Facebook, Instagram and Twitter have become everyday staples for most people – we all like to browse social media in our spare time, but these platforms are also extremely useful tools for business.

Training providers and Colleges should therefore take the time to inform their employees about good social media practice and give some thought as to how they want their business to be portrayed online.

To help you understand what you need to cover in your social media policy, we’ve assembled this handy guide covering all of your responsibilities, as well as the rules and legal risks.

Two types of policy

Print management software providers United Carlton have determined that there are two separate types of social media policy to consider, these are:

  • One policy for the business and brand.
  • One policy for your employees.

Although these policies are structured similarly, they are targeted differently. It’s vital that any social media policy you have in place as a business is enforced with strict measures so that your company is never in a vulnerable position. We’re in a digital world that is constantly changing this is a good incentive for business owners to continuously review their policies and make any necessary changes that will continue to have the best interests of the company at heart.

Defining the rules

One of the most important factors to consider when deciding what your social media policy should include is how your employees represent themselves and the business online. On personal social media, if a person has tagged their workplace in their profile, and are not private, they are representing the company to the wider public. This means that you need to restrict the use of profanities and stay away from controversial topics that could impact the company.

Certain company information is likely to be of a confidential nature and will need to be managed carefully – such information should not be shared or discussed on social platforms. Company social media accounts, such as the Facebook and Twitter page need to be handled with care, so it’s important to let employees know your guidelines for the brand. How do you want your company represented? This includes how you want your employees to respond to any mentions of your brand – whether these are positive or negative comments. It’s also important to outline how you want your staff to talk about your services or your products.

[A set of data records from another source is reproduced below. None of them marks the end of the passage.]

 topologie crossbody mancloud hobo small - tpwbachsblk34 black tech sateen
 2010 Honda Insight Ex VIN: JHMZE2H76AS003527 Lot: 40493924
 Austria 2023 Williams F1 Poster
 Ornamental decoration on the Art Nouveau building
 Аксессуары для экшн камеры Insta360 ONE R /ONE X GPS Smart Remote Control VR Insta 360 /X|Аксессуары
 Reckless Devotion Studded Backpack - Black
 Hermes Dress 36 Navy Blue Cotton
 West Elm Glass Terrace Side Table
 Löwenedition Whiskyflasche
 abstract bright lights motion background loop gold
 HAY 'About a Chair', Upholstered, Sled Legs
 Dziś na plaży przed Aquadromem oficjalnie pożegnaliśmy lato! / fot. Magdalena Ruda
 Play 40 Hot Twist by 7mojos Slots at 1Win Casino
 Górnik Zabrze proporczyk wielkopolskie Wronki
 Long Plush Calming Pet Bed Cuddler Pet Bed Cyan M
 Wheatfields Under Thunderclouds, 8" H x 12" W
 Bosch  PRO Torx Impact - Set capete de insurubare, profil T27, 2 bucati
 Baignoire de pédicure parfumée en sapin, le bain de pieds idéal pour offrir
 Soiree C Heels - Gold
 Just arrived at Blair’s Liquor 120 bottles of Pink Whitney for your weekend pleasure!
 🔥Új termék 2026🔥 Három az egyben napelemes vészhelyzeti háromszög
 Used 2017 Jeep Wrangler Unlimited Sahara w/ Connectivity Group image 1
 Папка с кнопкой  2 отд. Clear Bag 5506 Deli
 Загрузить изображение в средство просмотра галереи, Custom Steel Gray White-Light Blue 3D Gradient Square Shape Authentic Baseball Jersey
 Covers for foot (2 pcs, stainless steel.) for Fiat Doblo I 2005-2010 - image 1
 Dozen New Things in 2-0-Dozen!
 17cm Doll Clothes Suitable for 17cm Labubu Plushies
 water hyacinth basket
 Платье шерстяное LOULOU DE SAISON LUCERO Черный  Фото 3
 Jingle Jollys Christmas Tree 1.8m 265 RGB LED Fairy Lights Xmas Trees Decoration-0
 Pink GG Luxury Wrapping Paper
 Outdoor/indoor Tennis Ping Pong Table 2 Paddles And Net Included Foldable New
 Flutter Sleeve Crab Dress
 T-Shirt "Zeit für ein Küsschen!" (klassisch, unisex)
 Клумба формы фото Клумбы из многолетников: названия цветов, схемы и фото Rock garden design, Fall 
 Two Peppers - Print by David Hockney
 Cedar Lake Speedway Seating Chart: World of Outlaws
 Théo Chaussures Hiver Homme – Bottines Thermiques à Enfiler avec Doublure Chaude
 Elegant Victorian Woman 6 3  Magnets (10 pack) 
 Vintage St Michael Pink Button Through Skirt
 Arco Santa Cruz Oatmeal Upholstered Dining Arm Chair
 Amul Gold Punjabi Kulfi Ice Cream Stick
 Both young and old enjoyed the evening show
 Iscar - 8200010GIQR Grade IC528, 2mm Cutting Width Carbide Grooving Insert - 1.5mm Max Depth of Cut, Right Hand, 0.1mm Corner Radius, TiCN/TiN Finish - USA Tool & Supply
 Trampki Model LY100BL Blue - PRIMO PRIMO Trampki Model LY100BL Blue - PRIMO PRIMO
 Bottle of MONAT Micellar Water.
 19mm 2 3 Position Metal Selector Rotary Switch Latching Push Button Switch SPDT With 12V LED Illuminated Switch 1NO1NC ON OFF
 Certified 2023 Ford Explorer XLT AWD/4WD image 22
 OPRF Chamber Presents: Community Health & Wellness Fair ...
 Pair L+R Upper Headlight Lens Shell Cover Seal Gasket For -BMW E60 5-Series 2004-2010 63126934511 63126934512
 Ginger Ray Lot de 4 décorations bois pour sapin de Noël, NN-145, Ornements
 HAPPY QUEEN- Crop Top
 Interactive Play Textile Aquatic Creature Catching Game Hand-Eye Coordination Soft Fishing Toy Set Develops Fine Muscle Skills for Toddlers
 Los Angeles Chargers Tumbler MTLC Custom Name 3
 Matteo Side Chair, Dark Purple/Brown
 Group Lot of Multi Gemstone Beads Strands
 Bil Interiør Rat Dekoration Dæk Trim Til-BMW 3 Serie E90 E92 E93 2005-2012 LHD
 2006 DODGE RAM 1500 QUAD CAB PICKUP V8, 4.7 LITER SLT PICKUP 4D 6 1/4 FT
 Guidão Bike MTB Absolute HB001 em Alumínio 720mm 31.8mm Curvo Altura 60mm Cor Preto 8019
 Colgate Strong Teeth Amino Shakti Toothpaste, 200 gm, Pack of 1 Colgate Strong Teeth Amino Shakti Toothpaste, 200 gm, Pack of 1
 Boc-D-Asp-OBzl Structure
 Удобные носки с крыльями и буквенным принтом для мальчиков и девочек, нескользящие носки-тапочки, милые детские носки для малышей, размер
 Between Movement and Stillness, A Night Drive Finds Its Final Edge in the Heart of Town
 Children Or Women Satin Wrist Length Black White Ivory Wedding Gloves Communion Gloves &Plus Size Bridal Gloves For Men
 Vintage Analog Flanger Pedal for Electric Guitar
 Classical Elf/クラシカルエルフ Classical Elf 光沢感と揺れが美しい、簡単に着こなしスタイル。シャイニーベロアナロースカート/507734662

There are different responsibilities to consider depending on the social media platform that you are using – these will likely vary, as each site will have their own rules and requirements. Depending on the skillset and training you give to the teams on social media channels, you might require someone who can approve messages, deal with security and legal concerns and create content that will be posted. It’s important to outline who can and can’t use the social media channels in the business.

Discussing the legal risks

It’s necessary to act in line with legal protocol and discuss any potential legal risks in your social media policy. You need to make sure that you’re crediting your source with any content you are using, an example of this would be repurposing an image for your own business gain. It also needs to be discussed about what can and can’t be shared – making sure that everything gets approved by a senior staff member. When it comes to a personal account of an employee where they find themselves commenting on something that relates to your business, they must highlight that the views they publish are their own and not those of the company they are working for.

Potential security risks

Cyber security is unfortunately becoming a bigger issue as the world becomes more digitally focused. This means that companies must be aware and know how to handle any potential threats. To reduce the threat of phishing scams and even ransomware attacks companies must create secure passwords, avoid phishing emails, spam, scams and any malware threats and know how to respond in the event of a breach. Employers must maintain trusted relationships with their employees and look into regularly reviewing their social media policy to ensure that everything is running smoothly. Doing so will ensure that your business can benefit from social media and is not negatively impacted.